**Action item**
Exactly as they appear, write the lines from the one containing "NCktwr's tweet photo." to the final line of the entries, leaving pictures out.
Start of Data supplied
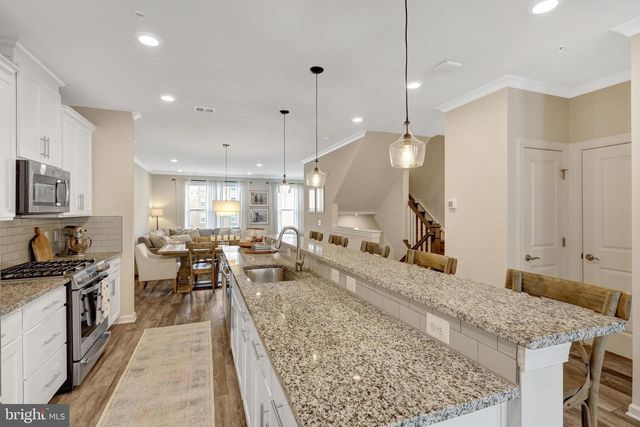 45210 LETTERMORE SQ, Sterling, VA 20166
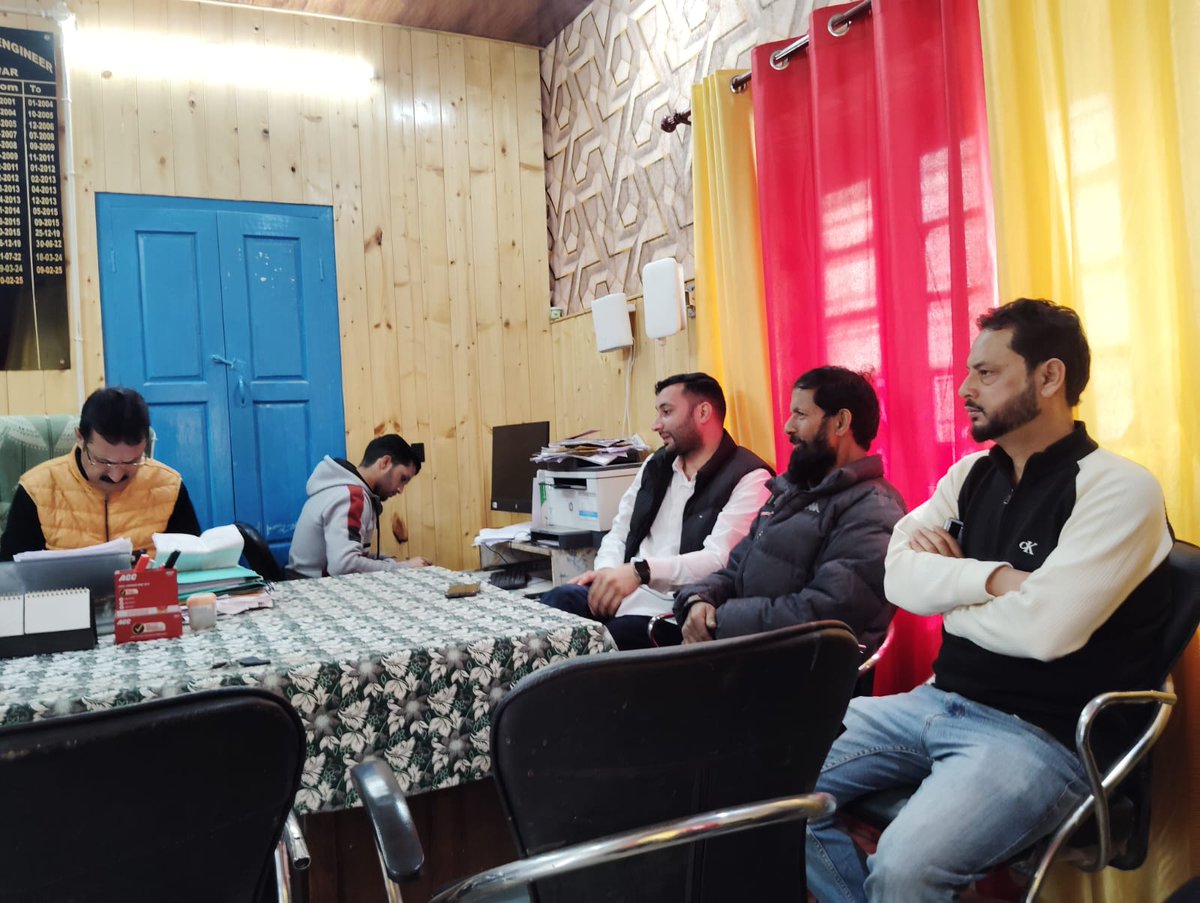 NCktwr's tweet photo. Shahan Sajjad kichloo,visited Kila Top, Kishtwar to assess landslide issues and reviewed development works. Urged R&amp;B for immediate action on retaining walls to ensure public safety.
@JKNC_
@ShahanSajjad4 https://t.co/Go3E0jPPyS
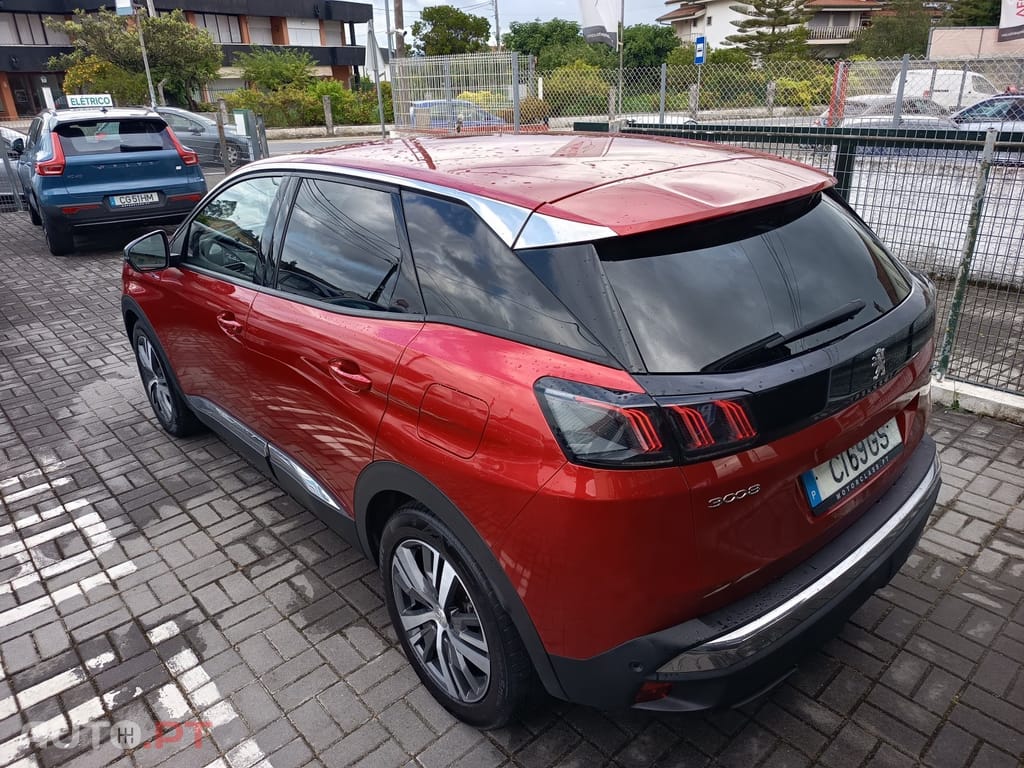Peugeot 3008 1.6 Hybrid Allure e-EAT8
End of Data supplied
**Answer section**
 NCktwr's tweet photo. Shahan Sajjad kichloo,visited Kila Top, Kishtwar to assess landslide issues and reviewed development works. Urged R&amp;B for immediate action on retaining walls to ensure public safety.
@JKNC_
@ShahanSajjad4 https://t.co/Go3E0jPPyS
Peugeot 3008 1.6 Hybrid Allure e-EAT8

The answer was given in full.